Il n’empêche, trois trillions de dollars est une perte colossale qui laisse rêveur. La région arabe est l’une des plus retardées de la planète, à tous égards. Les indicateurs de développement humain placent ces pays en queue de peloton. Sans même évoquer la situation économique dominée par l’indigence. Riches ou pauvres, peuplés ou non, le sous-développement est la désespérante spécificité commune à tous ces pays. Les Arabes voguent certes sur une mer de pétrole, mais surtout sur un océan d’ignorance : il se traduit en un siècle moins de livres en arabe qu’en une année en langue espagnole. Qu’aurait pu produire une fraction seulement de ces capitaux envolés s’ils avaient été investis dans l’enseignement ? S’ils avaient été alloués à la culture et à la propagation des savoirs dans ce monde taraudé par l’analphabétisme et frappé d’obscurantisme ?
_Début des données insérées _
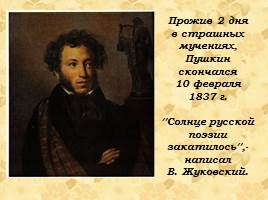 Александр Сергеевич Пушкин, слайд 50
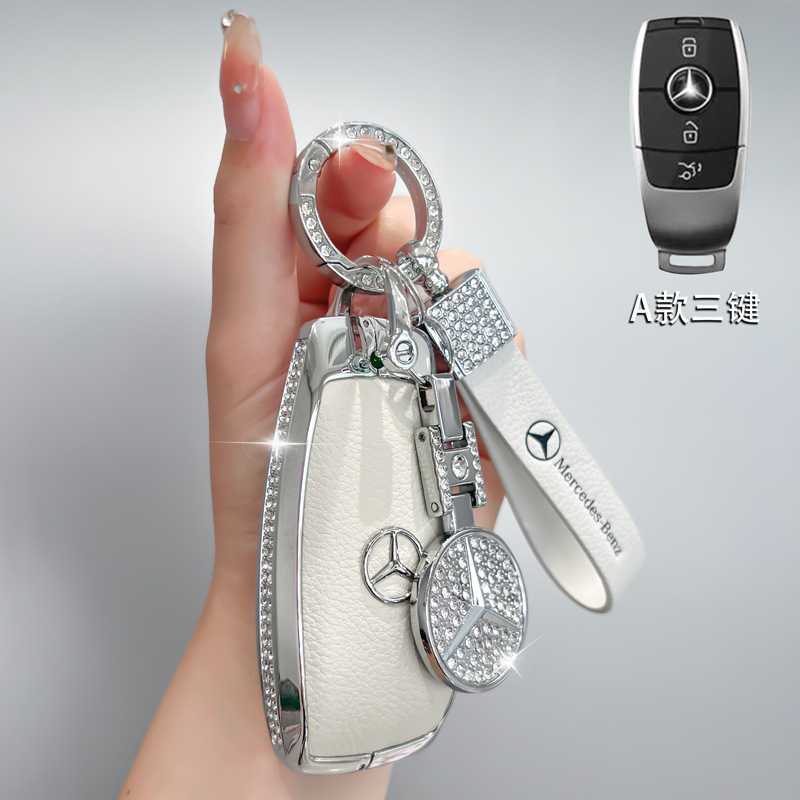 奔驰适用于e300l钥匙套c260L壳A200女gle350扣glb220glc包gla车型|undefined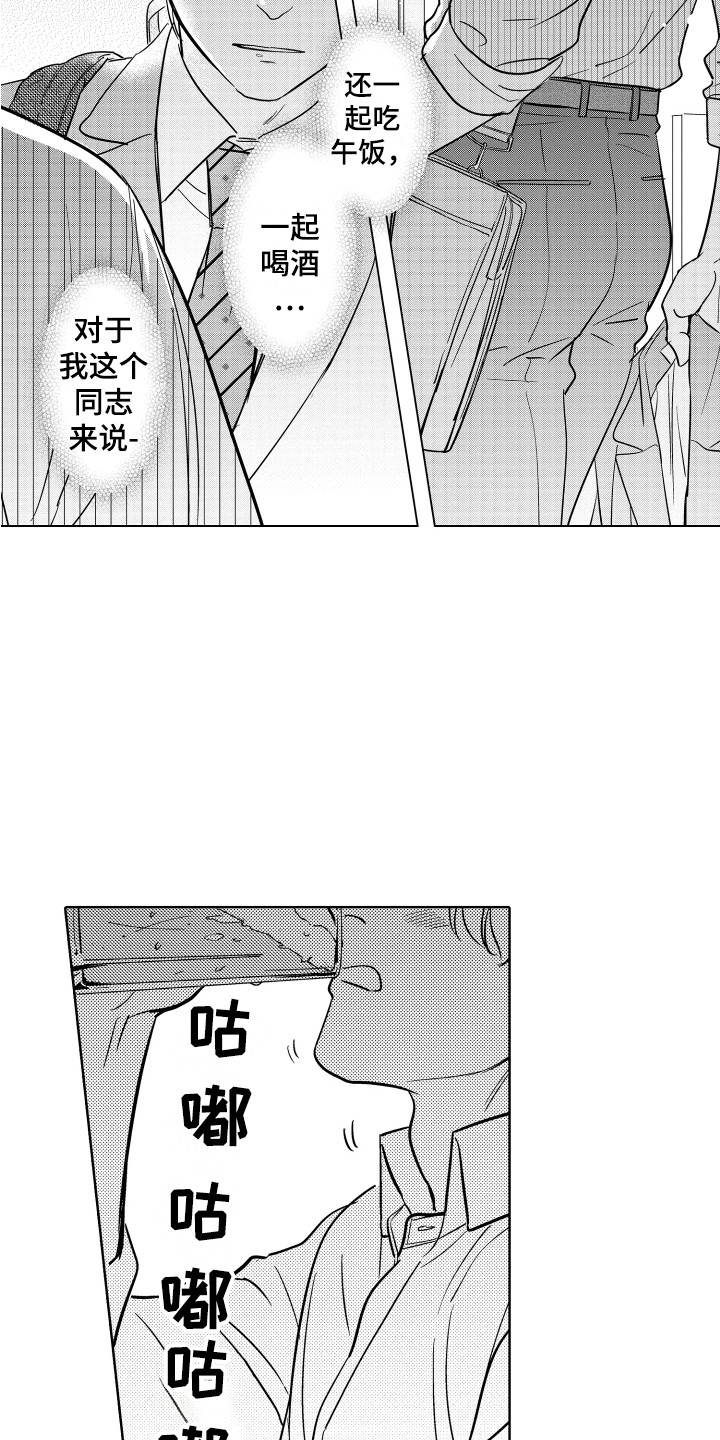 蜗牛可爱玩偶漫画,第12章：纠结2图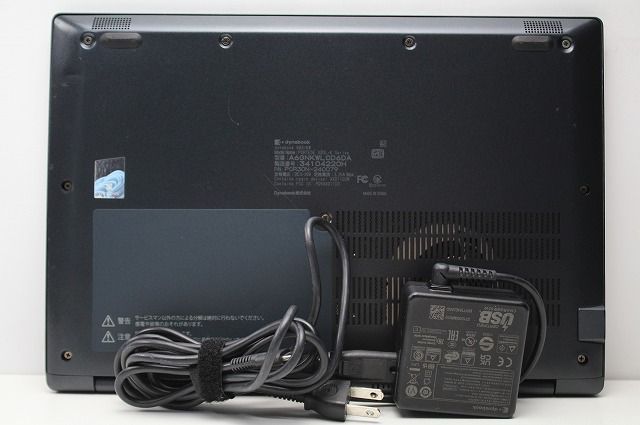 値下げ ノートパソコン 中古 ハイスペック dynabook G83/KW 第12世代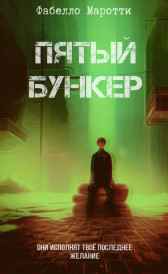 Пятый бункер Фабелло Маротти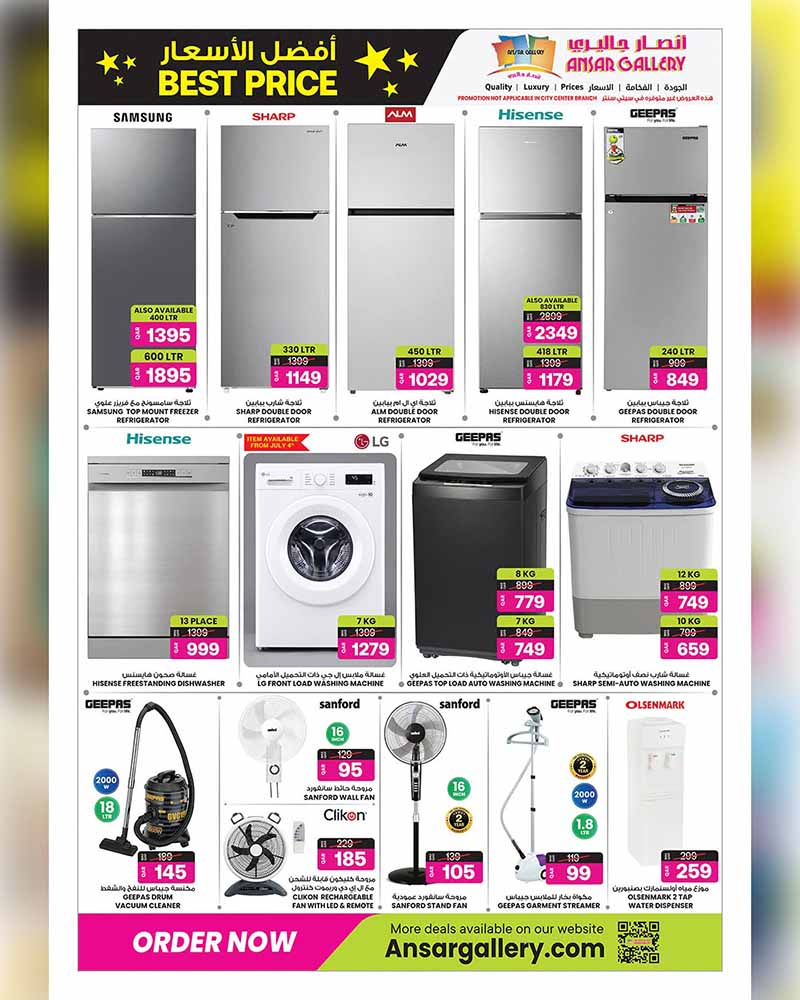 Ansar Gallery BEST PRICE OFFERS — flyer page 31 of 46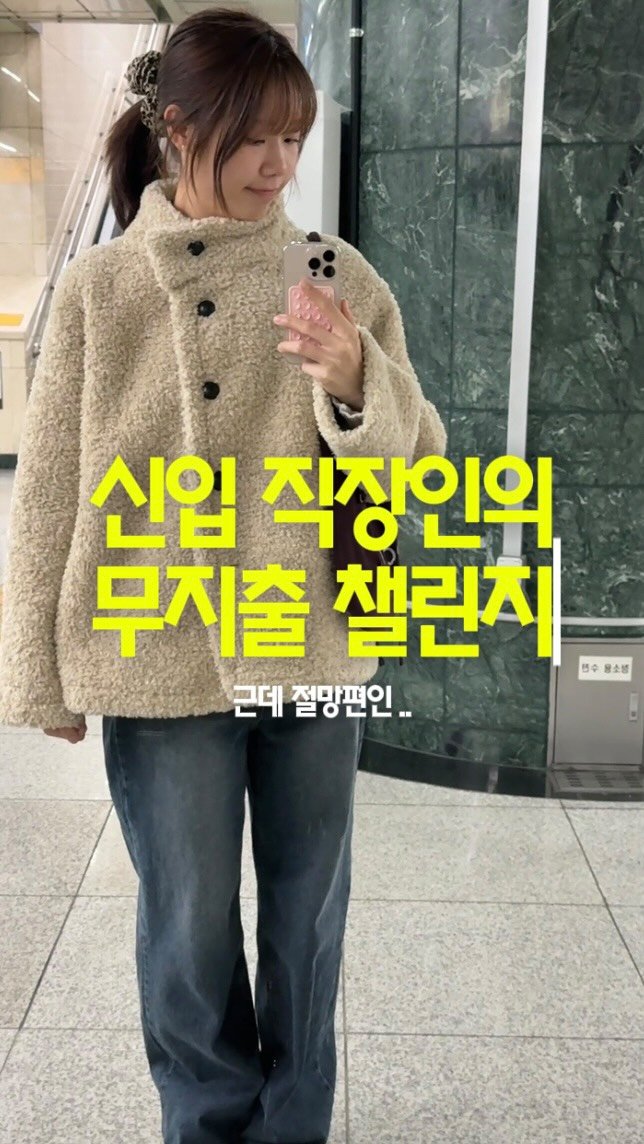 d__oer 게시물 이미지: 저 했어요! 결심했어요!
저의 올해 목표는 재테크•절약인데요 .. 💰

첫 월급도...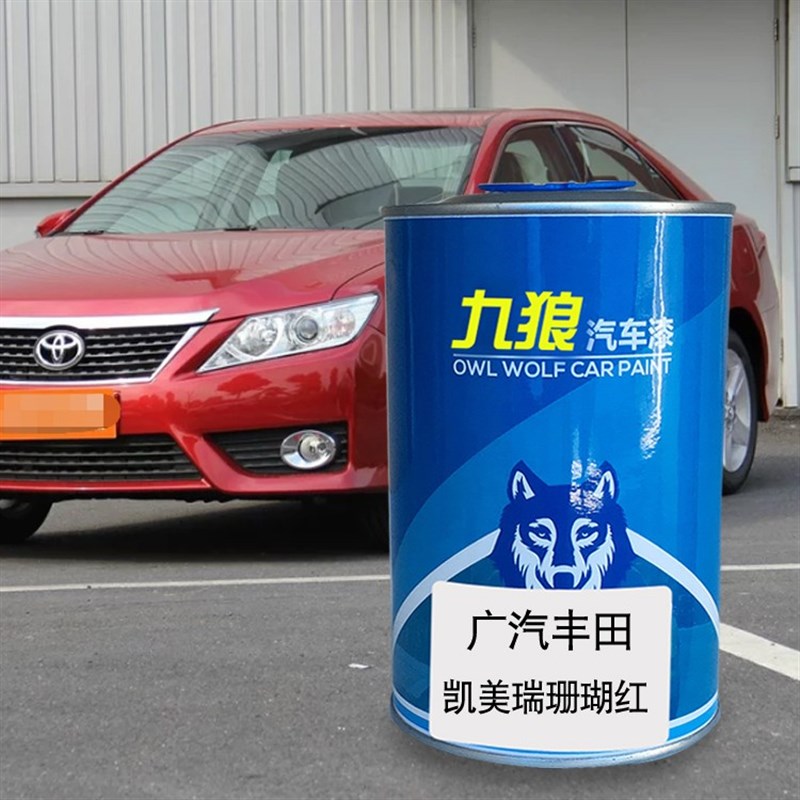汽车成品漆翻新改m色漆广汽丰油漆田晶石蓝墨晶黑欧铂银珊瑚红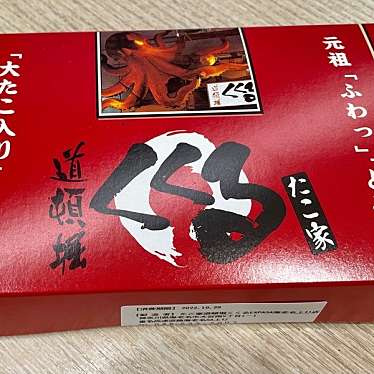 実際訪問したユーザーが直接撮影して投稿した大谷南お好み焼きたこ家道頓堀くくる EXPASA海老名上り店の写真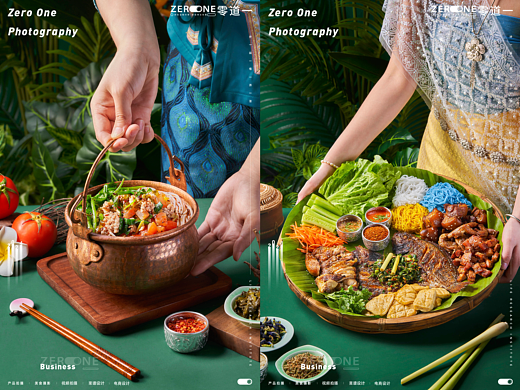 美食摄影丨西双曼傣 X 零道一  滇菜菜品拍摄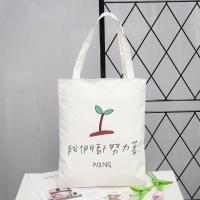 ราคา กระเป๋าผ้า สะพายไหล่ สกรีนลายน่ารักๆ ผ้าแคนวาส มีซิป กระเป๋าถือ ไปเที่ยว ไปเรียนพิเศษสวยๆ จุของได้เยอะ ขนาด 33 x 37 cm. (8700066126)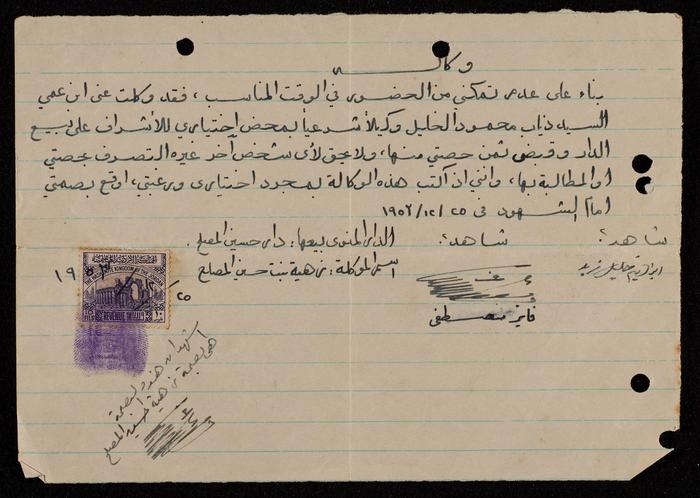 A Warrant for a Piece of Land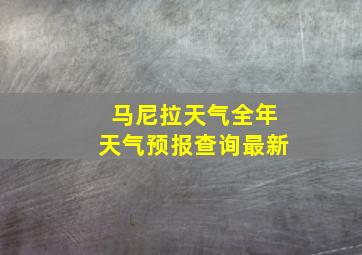 马尼拉天气全年天气预报查询最新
Après tout, la splendeur de la civilisation n’a-t-elle pas culminé au moment où, de Cordoue à Bagdad, les bibliothèques formaient le socle de la sagesse et de la science ? La splendeur est définitivement révolue, comme ces trois mille milliards au soleil, envolés dans le silence honteux de ceux qui se posaient en capitalistes visionnaires. Décidément, si le mot ridicule était un verbe, les managers de la faillite arabe le conjugueraient à tous les temps.